One of the issues that still exist are the tires are marginally rated. The idea that all 4 tires carry equal weight is part of the fallacy. One tire is often overloaded and over stressed from the start. Floorplans are not balance by weight. Why do we expect the tires to carry equal weight?
ST tires are built to marginal/inferior standards vs. and LT. ST tires are not built to a standard that entails transporting humans. They are built and regulated to a cargo only standard. In the end they are inferior. LT's are built for passenger carrying vehicles and are simply a more reliable tire built with better quality control as a result.
LT tire upgrades continue to resolve the blowout issue.
I'm not so sure one can just assume like you have done that there is significant unequal loading on tires on a tandem axle trailer especially side to side. Unless the trailer is being towed in a non level configuration front to back there should be minimal differences in the front and back tires on the same side. As to side to side I have actually weighed my trailer fully loaded side to side and there was only a 50lb difference in the weights and that is for a totaltwo axle weight of close to 7,000lbs. I would think a better assumption for the majority of trailers is they are designed to have a fairly even side to side wt. distribution unless you have significantly modified the insides.
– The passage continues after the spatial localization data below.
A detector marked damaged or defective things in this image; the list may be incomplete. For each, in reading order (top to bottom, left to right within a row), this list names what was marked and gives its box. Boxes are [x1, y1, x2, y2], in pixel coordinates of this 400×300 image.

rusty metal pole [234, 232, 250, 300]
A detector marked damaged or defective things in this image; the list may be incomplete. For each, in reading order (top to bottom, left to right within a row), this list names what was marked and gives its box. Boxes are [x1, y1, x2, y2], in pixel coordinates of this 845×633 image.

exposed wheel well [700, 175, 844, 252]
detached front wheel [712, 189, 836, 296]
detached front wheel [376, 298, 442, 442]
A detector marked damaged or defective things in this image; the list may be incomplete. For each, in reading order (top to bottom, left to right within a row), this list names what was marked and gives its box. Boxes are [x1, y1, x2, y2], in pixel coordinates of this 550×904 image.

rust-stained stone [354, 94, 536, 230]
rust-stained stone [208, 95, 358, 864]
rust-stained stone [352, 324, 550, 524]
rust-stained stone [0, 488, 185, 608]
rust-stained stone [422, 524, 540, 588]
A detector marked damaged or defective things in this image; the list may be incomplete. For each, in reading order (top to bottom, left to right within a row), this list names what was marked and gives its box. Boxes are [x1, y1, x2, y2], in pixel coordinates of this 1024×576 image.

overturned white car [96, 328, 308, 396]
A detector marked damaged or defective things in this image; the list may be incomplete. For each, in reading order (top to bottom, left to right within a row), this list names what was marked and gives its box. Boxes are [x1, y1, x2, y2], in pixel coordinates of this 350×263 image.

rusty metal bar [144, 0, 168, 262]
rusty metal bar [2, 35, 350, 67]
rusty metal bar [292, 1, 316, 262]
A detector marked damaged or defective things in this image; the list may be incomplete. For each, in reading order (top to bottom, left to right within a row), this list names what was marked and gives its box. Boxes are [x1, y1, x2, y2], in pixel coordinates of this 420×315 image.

I'm sure there are exceptions to this, but I think one can safely assume that there is a fairly good side to side balance in the axle weights for a factory configured TT/5er.
Larry
I don't recall the numbers, but do remember being surprised at how much they differed.
Even if the TT left the factory with perfectly distributed weights on all tires....That all goes out the window when the consumer starts loading it.
Even in use, water leaves the fresh tank and ends up in the black or grey tank. depending on just where the tanks are located, this alone can throw the weight distribution off.
Too bad you can't remember the actual numbers, but I still think the opposite of what you think might be true. One real issue with using things like race car or similar scales is that they are fine for things like cars where the weights on the tires are distributed at for separate corners, but on tandem axle trailers putting a scale under one tire on a side will give you erronous numbers since the two tires on that side are not on the same level, but are basically uneven ... like having the trailer not level front to back. For a normally loaded and level trailer, I would bet there is most likely 10% or less variance from the weight on the lightest wheel to the weight on the heaviest wheel and those two biggest deltas won't be on the same side of the trailer. Again, the trailer must be fairly level front to back (torsion axle trailers are most sensitive to this) and the wheels on each side have to be on a flat surface. My WAG would be most trailers will see less than a 200lb delta between all 4 wheels for a pair of 3500lb axles and somewhere around a 100lb MAX delta between the wheels on the same sides of the trailer. To me that is not significant or bad.
As far as tanks again I'm sure there are exceptions, but most I think you will find are basically centered between the frame rails so they won't cause side to side weight variances, only front to back and again as long as the trailer is level the uneven contribution between axles should not be that significant.
Of course I'm assuming a normally loaded trailer and not one completely empty since there by design there will be the max side to side wt. differences since things like the Frig, water heater, and the kitchen area will be empty.